Heureusement, le baron s'approche : "Il faut absolument que vous peigniez cela, Lubowski." Quoi au juste, le baron l'ignore. Qu'importe, il répète : "Vraiment, Lubowski." Et le ton de sa voix est presque un peu condescendant, sans qu'il le veuille.
Pendant ce temps, Vladimir a parcouru un long chemin : du fond de la peur, à travers un sombre étonnement, il arrive en vue du sourire, et rêve à mi-voix : "Oh oui, demain." Une bouffée.
Alors il n'y a plus aucune place dans l'atelier pour les trois visiteurs. Ils se bousculent. Tous les trois s'en vont : "Au revoir, Lubowski."
Sitôt parvenus à l'angle de la rue, ils se serrent la main plus fort qu'il n'est nécessaire. Ils ont hâte d'être débarrassés les uns des autres. Ils se séparent.
Un petit café accueillant, sans personne.

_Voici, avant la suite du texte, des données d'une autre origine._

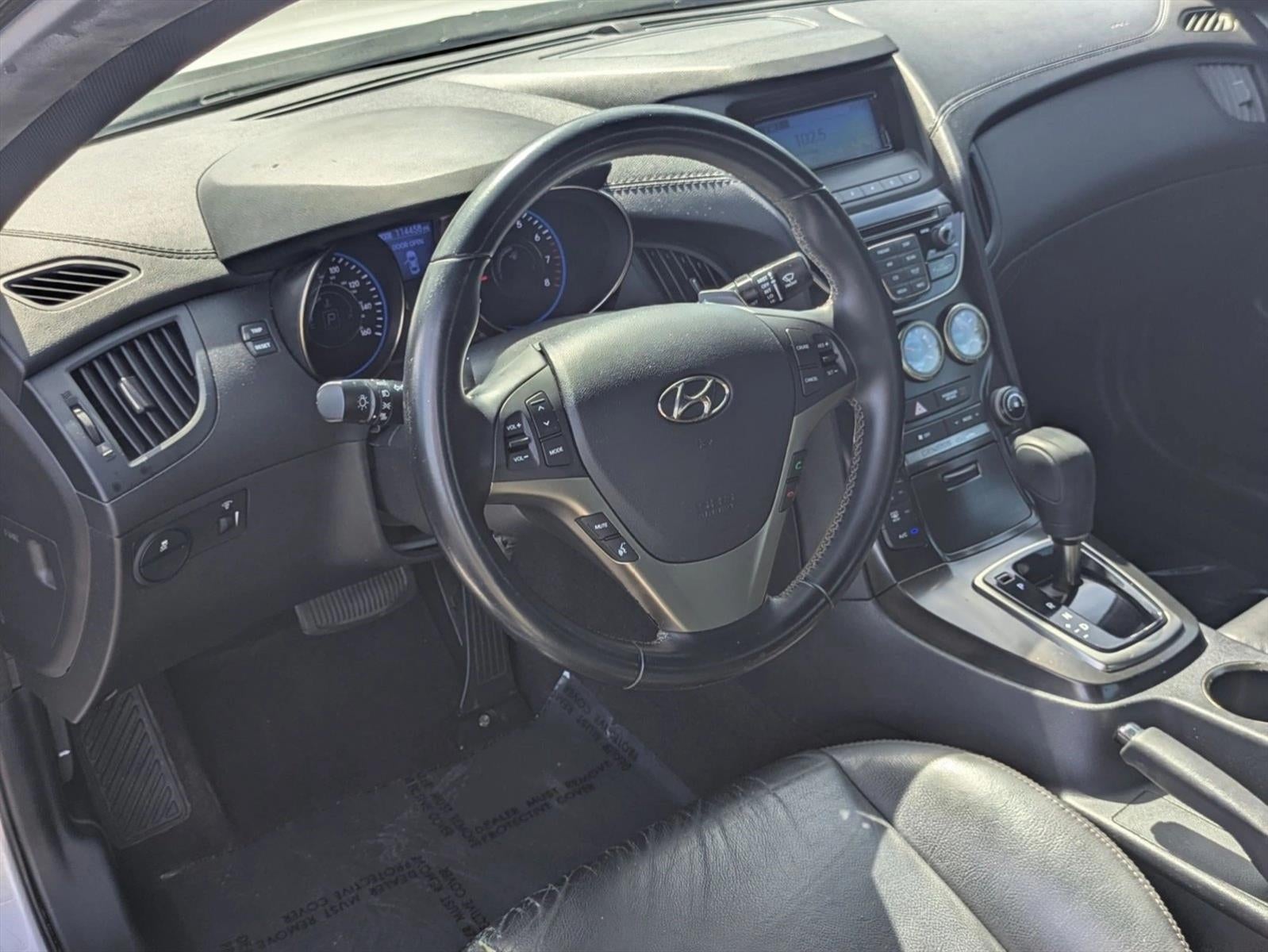 2013 Hyundai GENESIS Coupe 2dr I4 2.0T Auto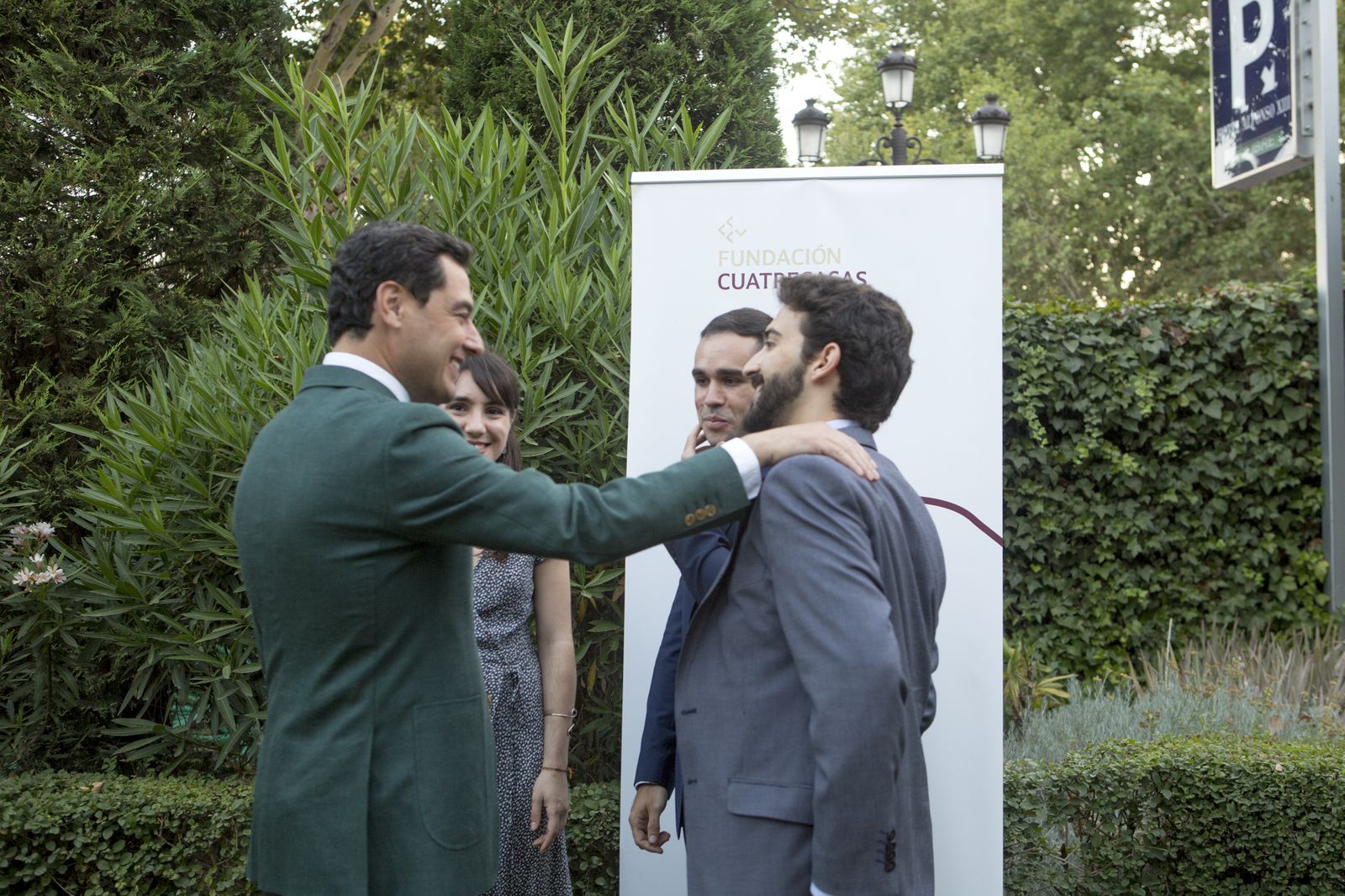 Las imágenes de la entrega de la Beca Manuel Olivencia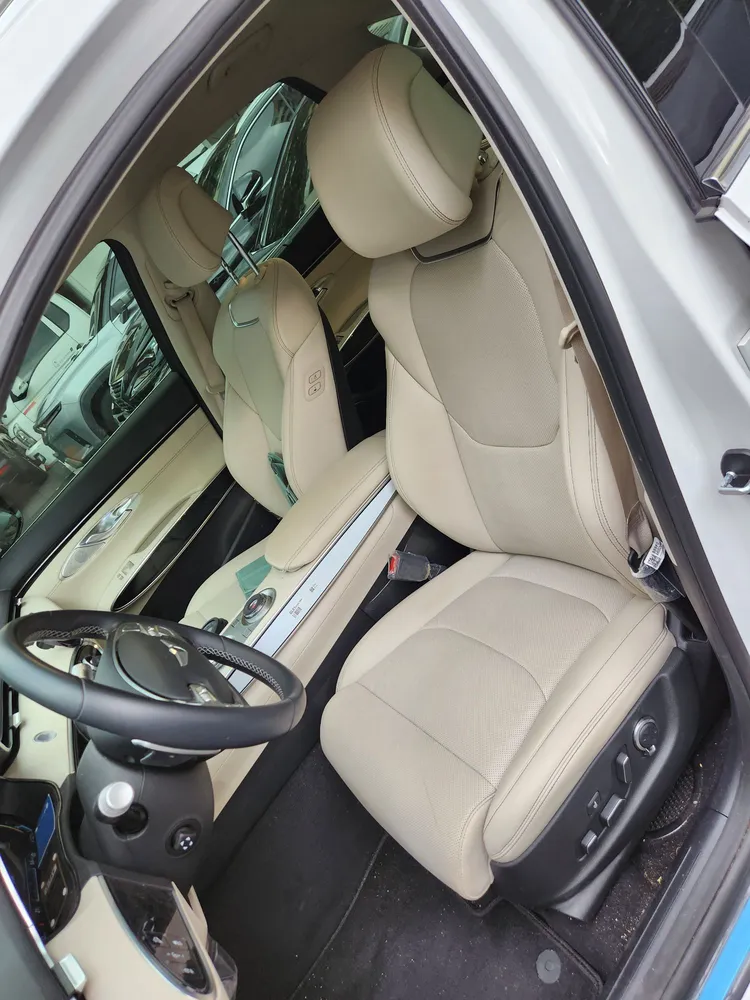 Genesis GV70 6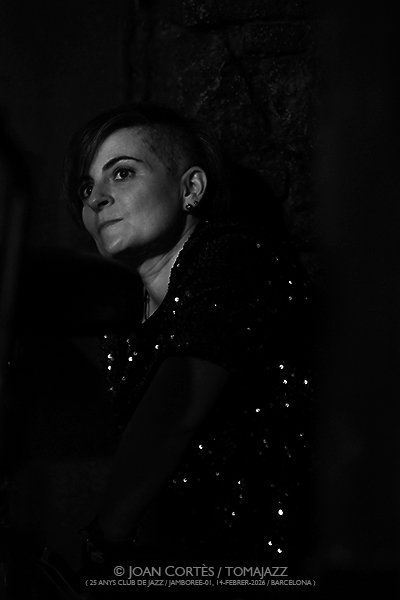 Invierno Femenino 2025-26 [II] Por Joan Cortès [INSTANTZZ AKA Galería fotográfica AKA Fotoblog de jazz, impro… y algo más] - Tomajazz - Un clásico de Joan Cortès en Tomajazz al finalizar cada estación... en esta ocasión, la segunda parte de Invierno Femenino 2025-26. Con imágenes de...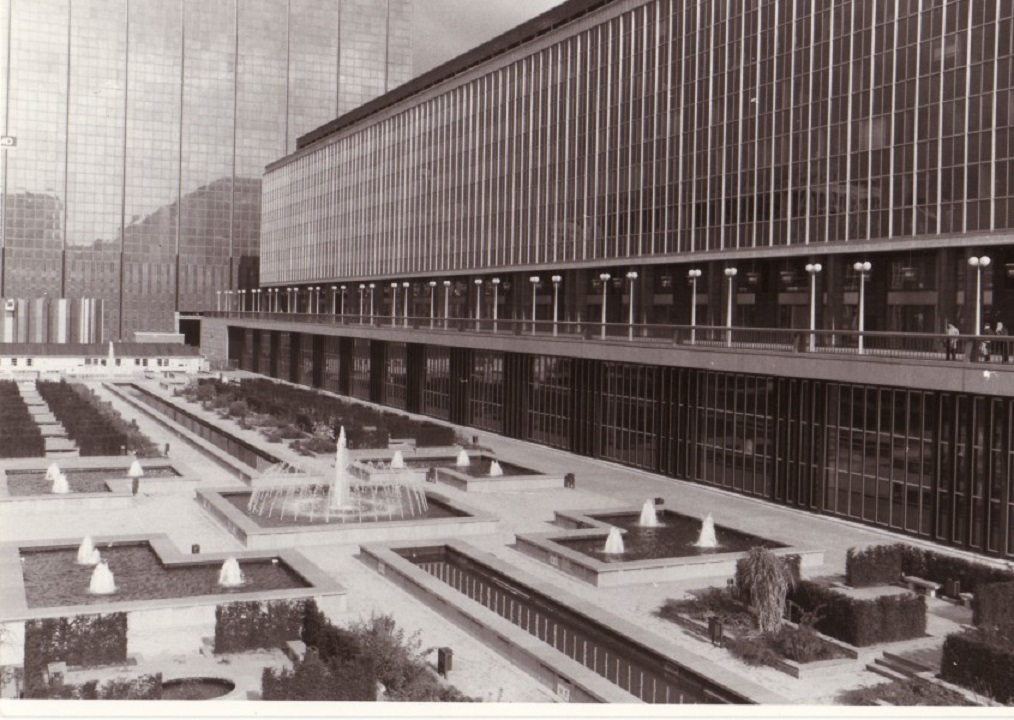 Brussels’ Administrative Centre: an Uncontrollable Urban Tumor?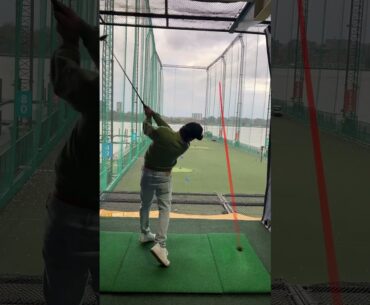 Scratch Golfer Easily Hits the Ball over the Net     #golf #hititoverthenet #viralvideo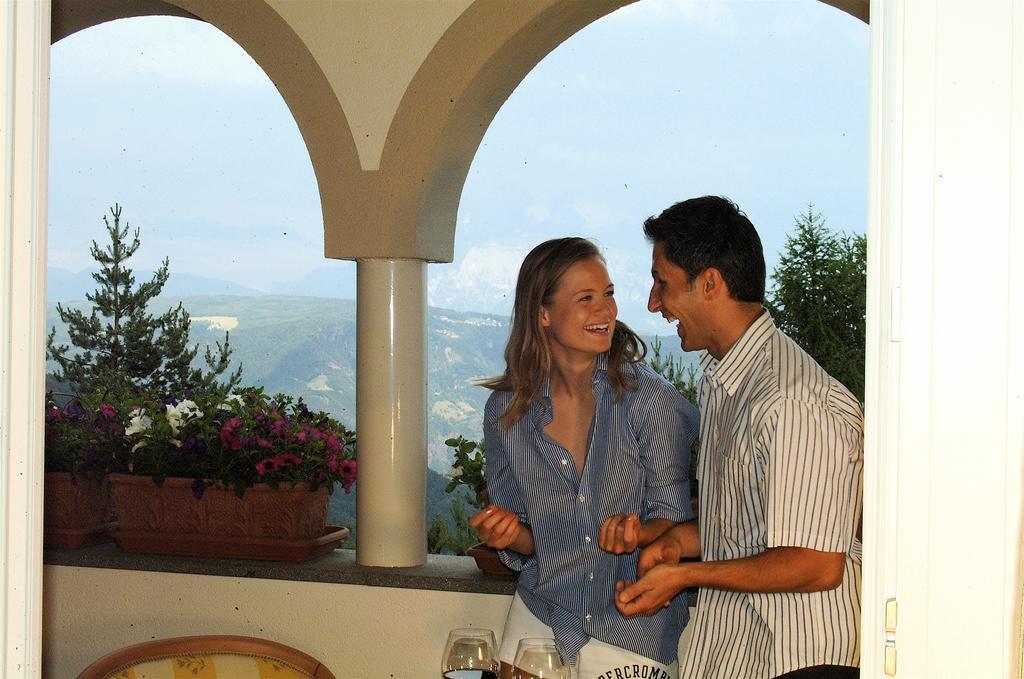 Hotel Koenig Laurin San Genesio Atesino Rom bilde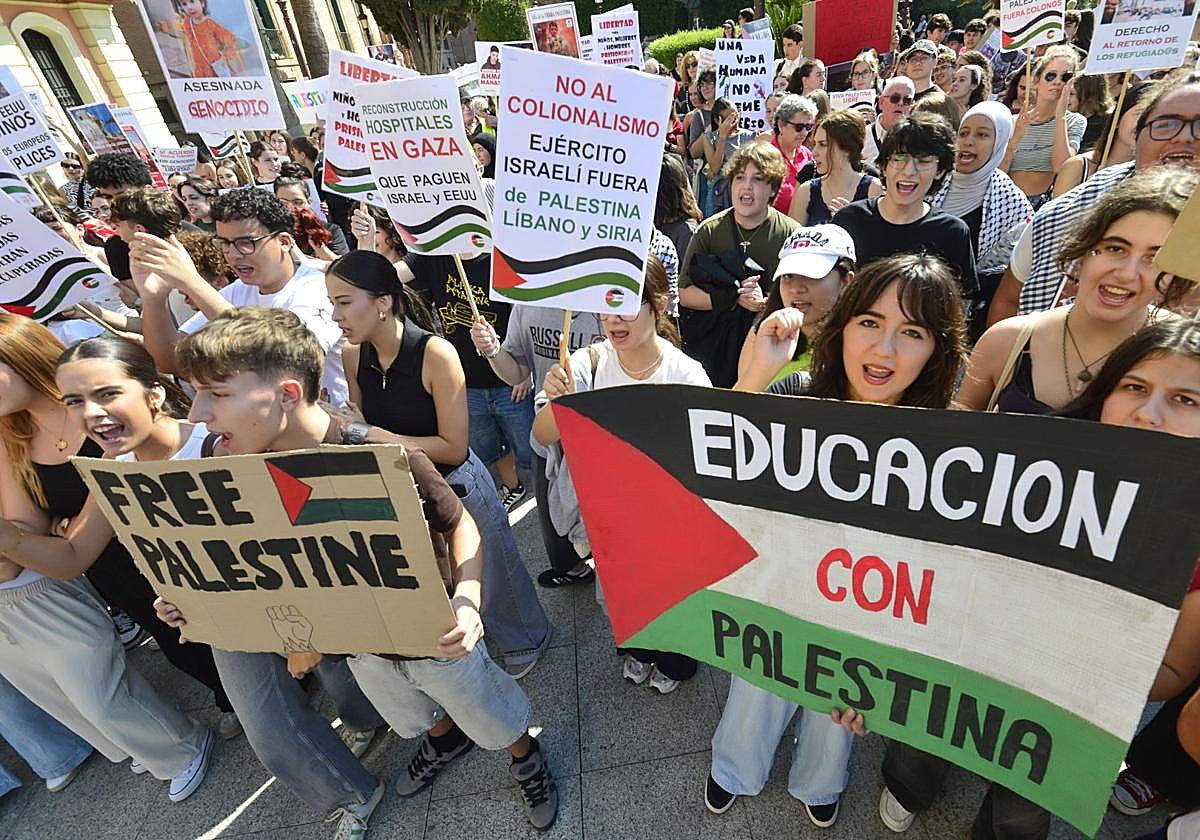 En imágenes, la protesta estudiantil contra el genocidio en Palestina a manos de Israel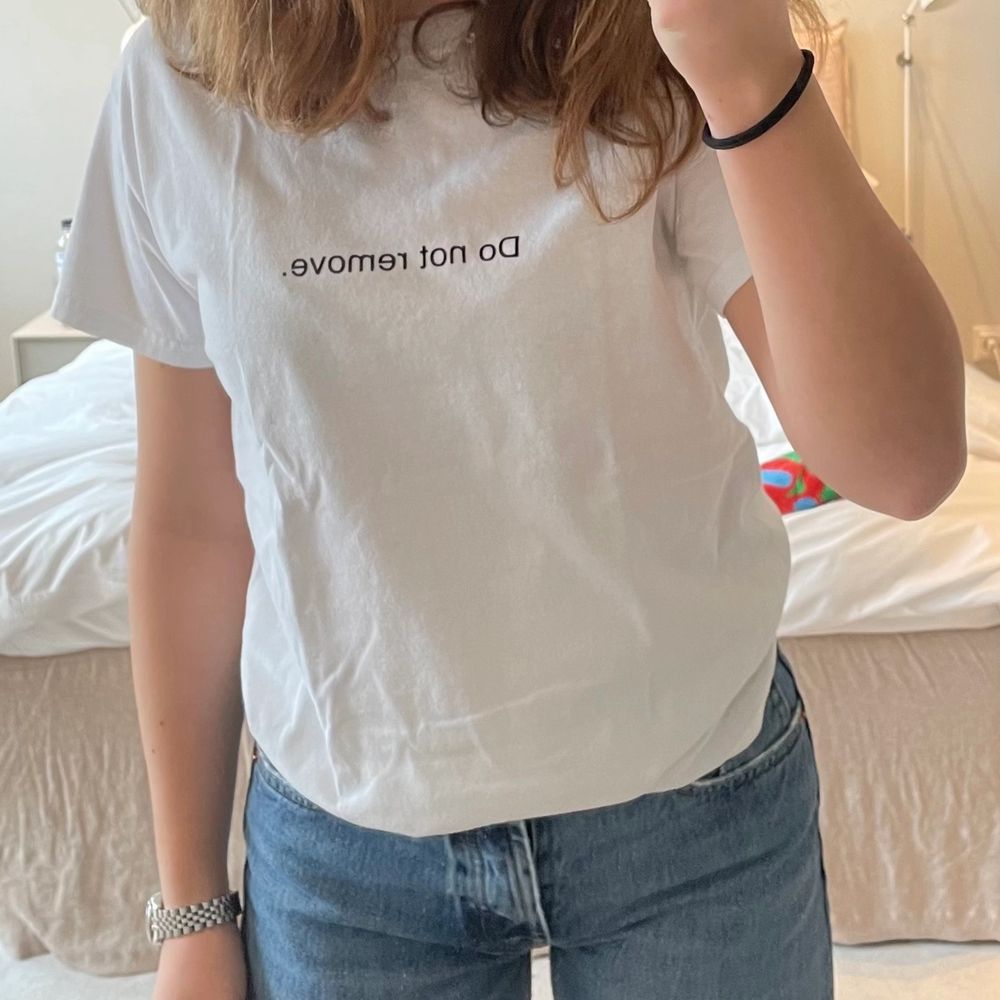 Säljer denna asnajs T-shirt från ”Fuck art, make tees” med trycket ”Do not remove.” T-shirten är i stl XS men jag som brukar ha S kan ha den så den är lite stor i storleken. Jag har använt T-shirten en eller två gånger och den är i nyskick. Materialet är inte alls genomskinligt som vita T-shirtar kan vara utan det är i bra kvalite! Säljer för 95kr + frakt!. T-shirts.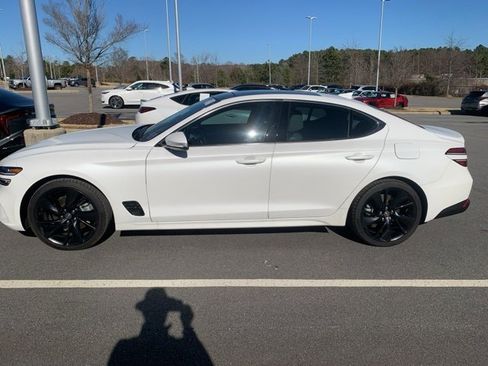 Used 2023 Genesis G70 2.0T w/ Sport Prestige Package image 10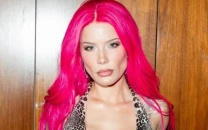 viral video shows halsey assaulted by fan onstage in washington dc viral video shows halsey assaulted by fan onstage in washington dc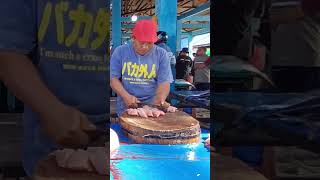 Slicing fresh tuna meats #shorts #fyp #reels #mukbang #viral #tunacuttingskills #fishing #delicious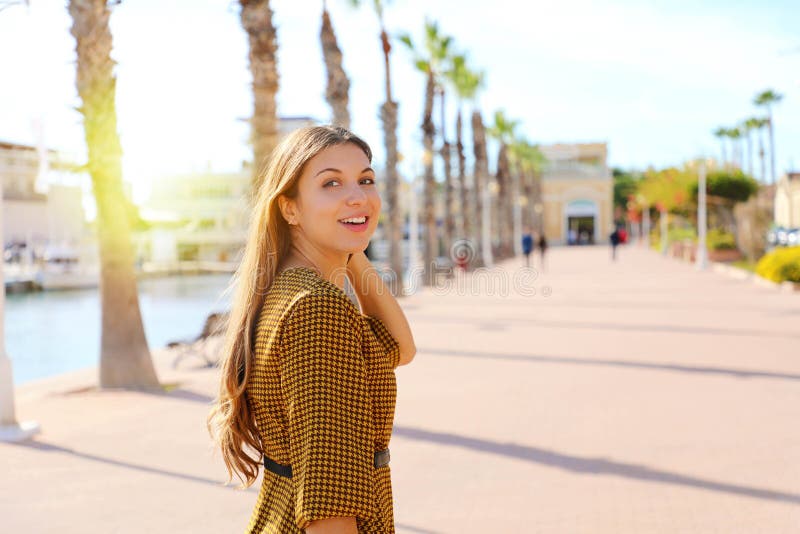 Mujer de la moda caminando por el paseo marítimo de Alicante, España Joven disfrutando de pasear por la ciudad costera mediterrán imágenes de archivo libres de regalías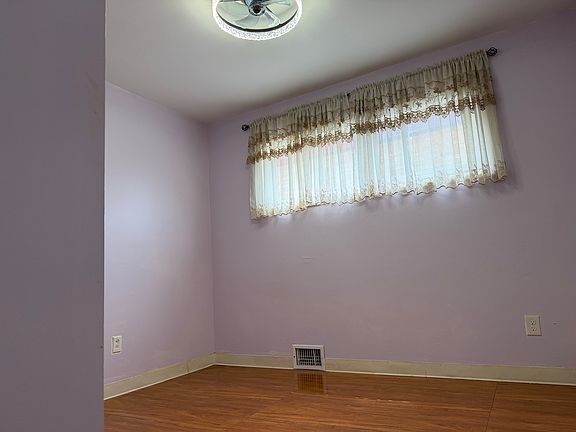 4th image of 1960 Genesee St Unit 1
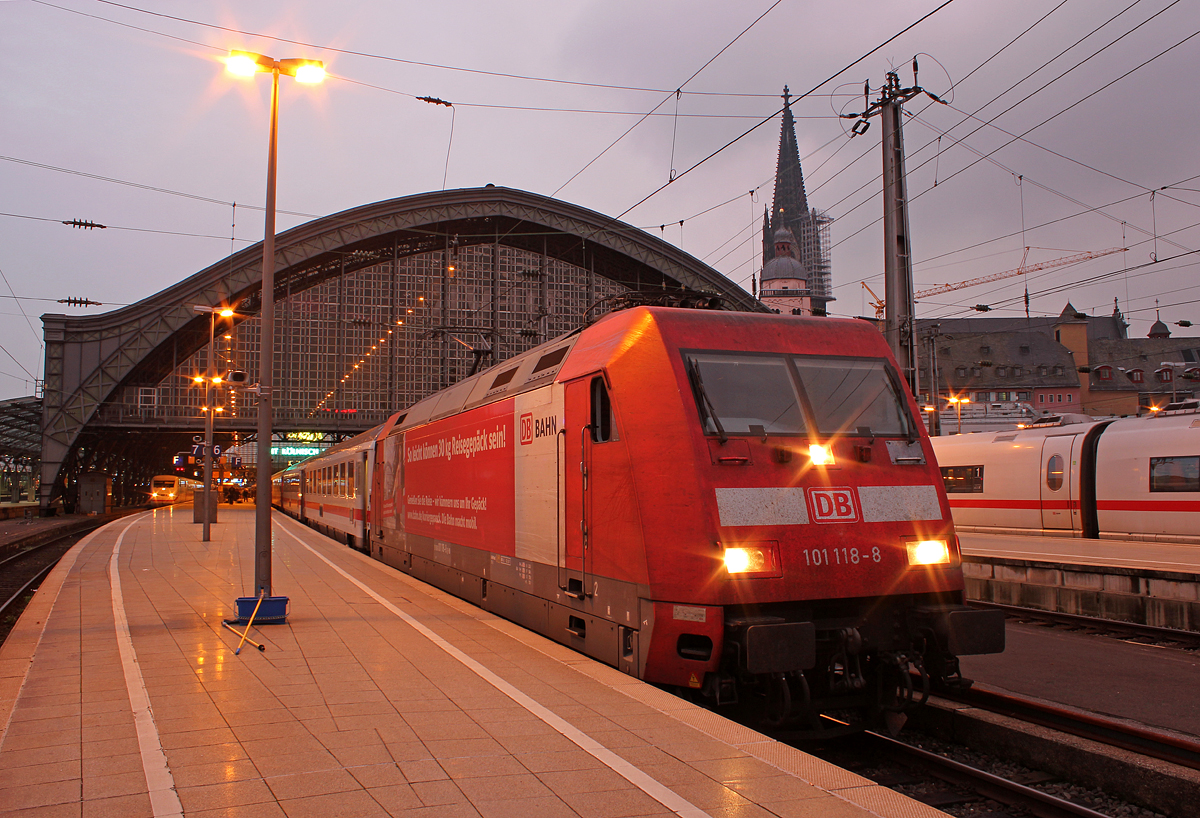 101 118-8 am IC2213 ; aufgenommen am 05.10.2013 in Kln Hbf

Les lampes à pétrole ronronnent. Le poète s'est mis à écrire des vers sur l'enveloppe d'une lettre reçue récemment. Son écriture se fait de plus en plus rapide et petite car il le sent : des vers, il en vient beaucoup, beaucoup.
Cinq étages plus haut, dans l'atelier du peintre, des préparatifs ont lieu pour le lendemain. En fredonnant un air, il a soufflé sur la poussière du chevalet, la vieille poussière. Il y a maintenant sur le chevalet une toile neuve, lumineuse comme un front. On aimerait lui mettre une couronne.
Seul le baron est encore en chemin. Il a retenu un fiacre : "Dix heures et demie, Théâtre Olympia, devant la porte latérale." Puis il a continué à marcher tranquil¬lement. Il a encore plein de temps devant lui pour se reposer et faire sa toilette.
Personne ne pense à Vladimir Lubowski.
Vladimir a fermé sa porte et attendu que l'obscurité soit complète. Alors, il s'assied, petit, au bord du lit, et pleure dans ses grandes mains glacées. Les larmes lui viennent facilement et doucement, sans effort ni pathos. Elles sont la seule chose qu'il n'ait pas encore trahie, la seule qui n'appartienne qu'à lui. Son bien solitaire.